> [Task instructions]: Reproduce, without alteration, every line of the data; exclude the images.

> [Available data]:
.....
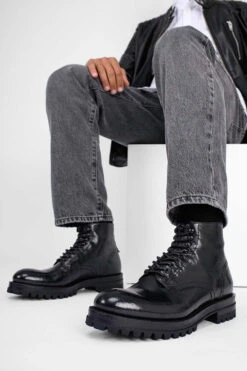 CAMDEN Tar-black Hiking Boots. -Untamedstreet Shop IMG 04656 b845fe34 8e00 40f1 8e32 26bbd655badd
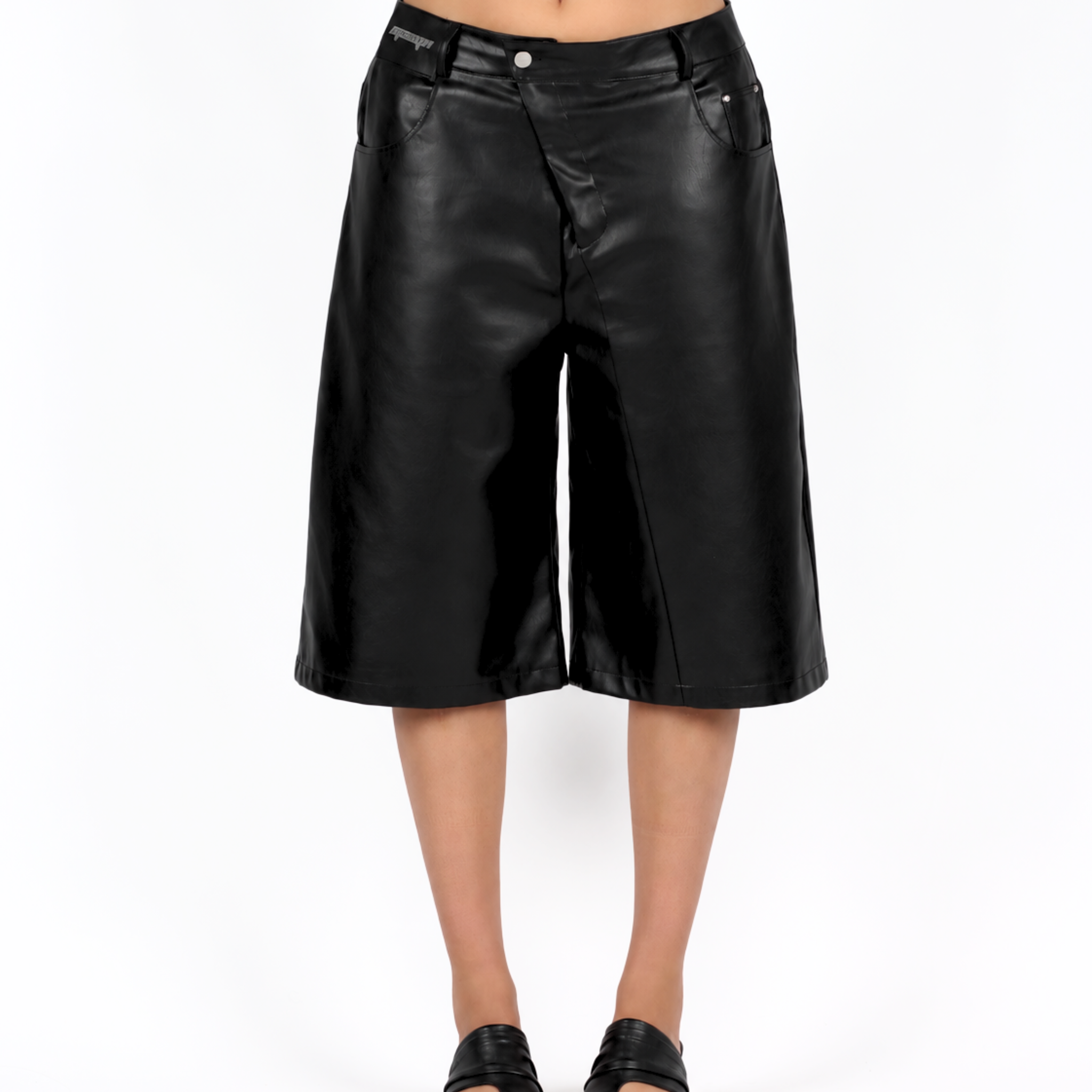 MTL Studded Leather Bermuda Black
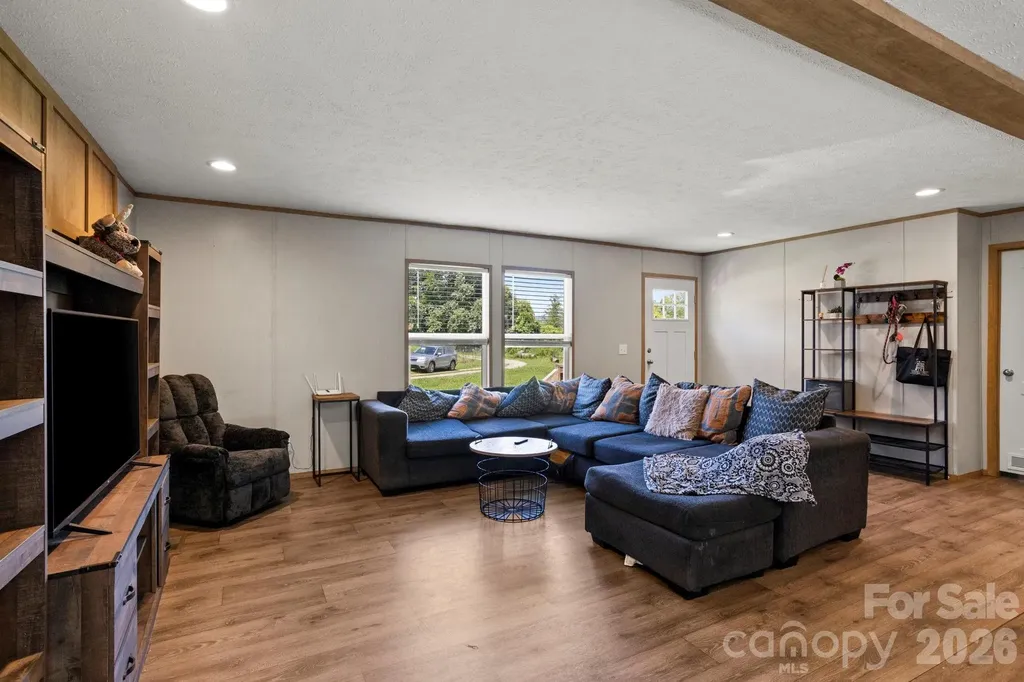 18 Moss Lane Hendersonville NC 28792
.....
> [Response]:
 CAMDEN Tar-black Hiking Boots. -Untamedstreet Shop IMG 04656 b845fe34 8e00 40f1 8e32 26bbd655badd
 MTL Studded Leather Bermuda Black
 18 Moss Lane Hendersonville NC 28792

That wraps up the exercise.